Les points forts de ce livre sont, tout d’abord l’accent soutenu et érudit mis sur la politique d’un point de vue biblique. Storkey applique à ces textes et à ces questions une attention méthodique critique, beaucoup trop rare dans le discours politique chrétien actuel. Ensuite, l’analyse des principes politiques de Jésus (en particulier aux chapitres 7 et 8), et de leurs implications potentielles pour la politique moderne, mérite une réflexion approfondie et soignée dans les communautés chrétiennes. Les prédicateurs et enseignants d’aujourd’hui trouveront ici beaucoup de matière à réflexion et à discussion. En lien direct, et peut-être encore plus significatif, Storkey montre de manière frappante que suivre aujourd’hui la politique de Jésus exige un changement radical dans nos pratiques, tant individuelles que nationales. De façon tout à fait radicale, le cœur humain doit passer par une conversion et un changement profonds, pour que la politique de Jésus puisse devenir une réalité vivante dans nos communautés. En même temps, Storkey fait remarquer que des cœurs changés transformeront la société. Les chrétiens ne peuvent prétendre que la politique de Jésus peut rester une prérogative individuelle ; au contraire, elle revêt, de façon inhérente, un caractère collectif.
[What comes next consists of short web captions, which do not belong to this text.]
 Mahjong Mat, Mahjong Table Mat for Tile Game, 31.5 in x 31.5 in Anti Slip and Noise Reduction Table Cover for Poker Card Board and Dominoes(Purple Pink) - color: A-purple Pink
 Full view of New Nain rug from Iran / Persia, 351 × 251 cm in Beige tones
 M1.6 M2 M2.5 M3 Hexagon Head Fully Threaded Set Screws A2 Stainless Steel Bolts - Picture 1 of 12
L’analyse et les recommandations de Storkey ne sont pas partisanes ; il dit clairement que la politique de Jésus n’a jamais été complètement incarnée dans un quelconque corps ou parti politique. Pourtant, il est d’une franchise et d’une précision rafraîchissantes quand il identifie les cas où les valeurs politiques de Jésus n’ont pas été prises à cœur dans l’arène politique (par exemple : les guerres récentes, le militarisme, les politiques fiscales régressives, les hypothèses et orthodoxies économiques, le matérialisme et le consumérisme). Certains des exemples de Storkey pourront (à juste titre !) mettre le lecteur mal à l’aise quand il comparera son comportement et sa vision personnels avec la politique de Jésus. Soit dit en passant que Storkey est exaspéré par la façon pas très délicate dont le christianisme occidental a adopté et endossé les injustices structurelles dans les sphères de l’économie et de la consommation ; la questions revient à plusieurs reprises dans son commentaire. Quand il relève des façons où les perspectives de Jésus ont été détournées, il sort souvent des tournures de phrase mémorables (par exemple : « La nouvelle Droite Chrétienne met en conserve une foi politique dans le dioxyde de carbone du capitalisme et du nationalisme américains », p.284).
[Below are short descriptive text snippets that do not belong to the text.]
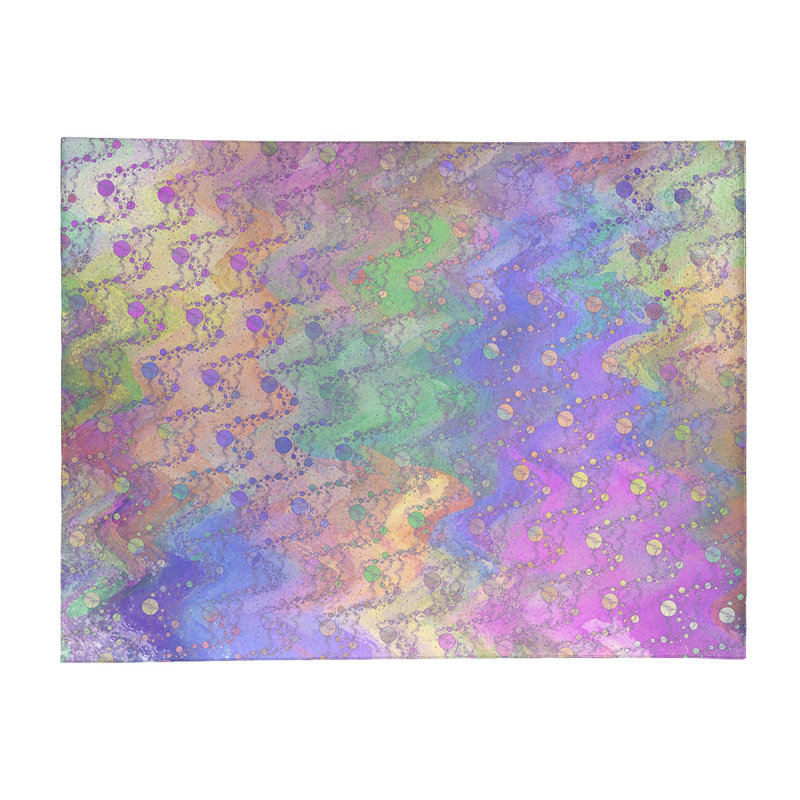Chenille Polka Dots Indoor Rug, Rectangle 9' x 12'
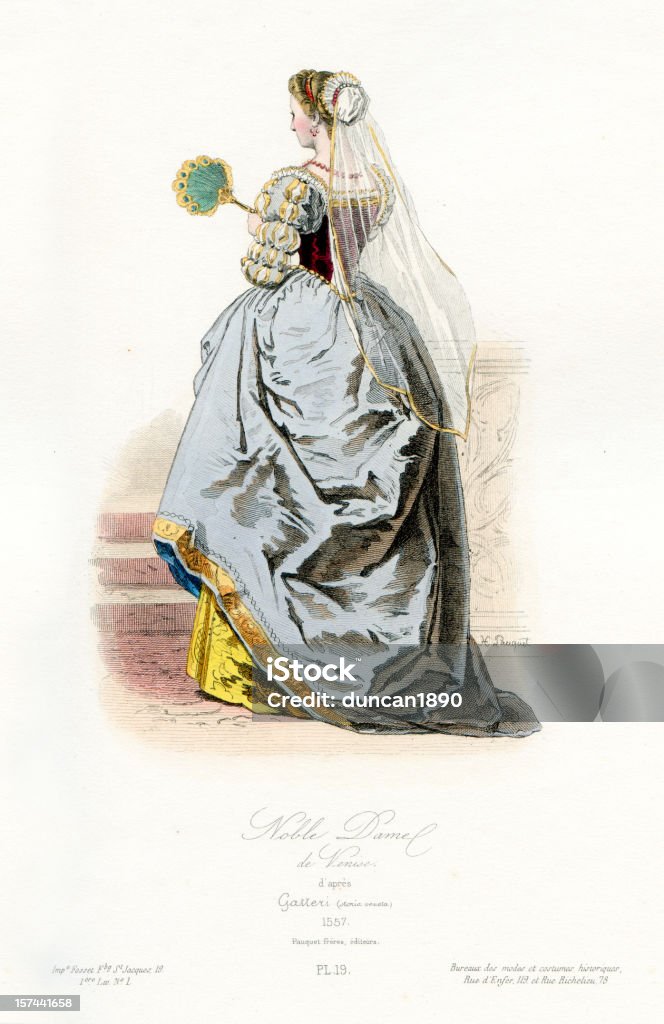 Senhora de nobre veneziano - Ilustração de Gravura royalty-free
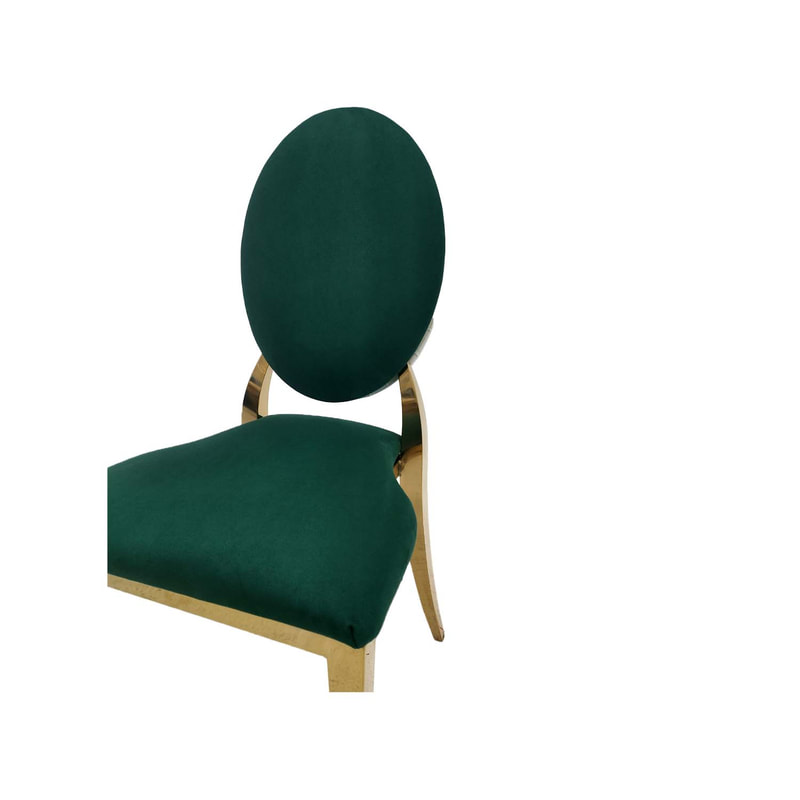 F-CH133-EG Gold Dior chair in Emerald Green fabric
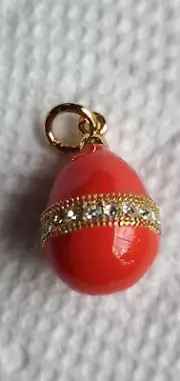 Goldtone and Bright Red Enamel Easter egg pendant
Enfin, le point de vue britannique de Storkey sur la politique américaine pourrait bien aider les lecteurs des États-Unis à entendre et digérer son message, étant donné qu’il ne l’aborde pas avec une perspective politique partisane typique (c-à-d : Démocrate, etc.). Ce qu’il a à dire sur les chrétiens américains et sur notre contexte politique (en particulier, à nouveau, aux chapitres 7 et 8) mérite assurément d’être entendu (et d’agir).
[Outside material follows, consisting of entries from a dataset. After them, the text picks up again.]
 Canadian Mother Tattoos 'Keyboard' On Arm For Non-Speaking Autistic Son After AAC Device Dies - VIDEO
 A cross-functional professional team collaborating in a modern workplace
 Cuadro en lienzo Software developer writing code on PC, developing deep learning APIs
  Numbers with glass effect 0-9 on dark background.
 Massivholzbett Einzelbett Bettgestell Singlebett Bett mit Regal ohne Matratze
En dépit de ces points forts, le livre possède un certain nombre de caractéristiques curieuses qui, pour certains lecteurs, peuvent détourner de sa force et de son utilité générales. Par exemple, Storkey évite les méthodologies critiques rédactionnelles et narratives, ce qui signifie que certains biblistes (y compris celui qui fait cette recension) trouveront son analyse textuelle quelque peu naïve et homilétique. Fondamentalement, il cherche à harmoniser les quatre récits des évangiles (par exemple : Storkey suppose qu’il y a eu deux purifications du temple [plutôt qu’une] parce que les versions synoptique et johannique diffèrent, non seulement par leur place au sein du récit, mais aussi par les précisions et par l’objectif).
Dans un très long appendice, Storkey explique qu’il comprend les évangiles comme un « reportage », qui « n’a pas un objectif littéraire. La signification du [reportage] ne réside pas dans le texte comme c’est le cas d’une nouvelle ou d’un poème, mais en ce qu’il conduit vers son objet » (p. 294). C’est-à-dire, « [le reportage] déplace l’objectif du texte lui-même vers l’objet du reportage. Habituellement, il rétrograde également l’importance de l’auteur » (p. 292). En fait, Storkey se soucie fort peu des évangiles en tant que texte émanant d’un contexte particulier et porteur d’une intention littéraire potentielle (indépendamment de l’inaccessibilité de telles particularités pour le lecteur d’aujourd’hui). Il prend, le plus souvent, les déclarations évangéliques littéralement, donnant souvent l’impression qu’il n’y a guère de questions concernant une donnée particulière, qu’elle soit littéraire ou historique. Dans l’évaluation de la prédiction apparente que Jésus fait de la destruction du temple (Luc 19.41-44), l’approche de Storkey conduit à ce qui s’apparente à un cercle vicieux : « Certains disent que cette prophétie troublante doit avoir été ajoutée ultérieurement, mais cela ne colle pas, parce qu’elle concorde avec l’ensemble du récit » (p. 242). Quelqu’un ne pourrait-il pas émettre l’opinion que si « elle concorde avec l’ensemble du récit » c’est parce que Luc le voulait (d’un point de vue rédactionnel) ?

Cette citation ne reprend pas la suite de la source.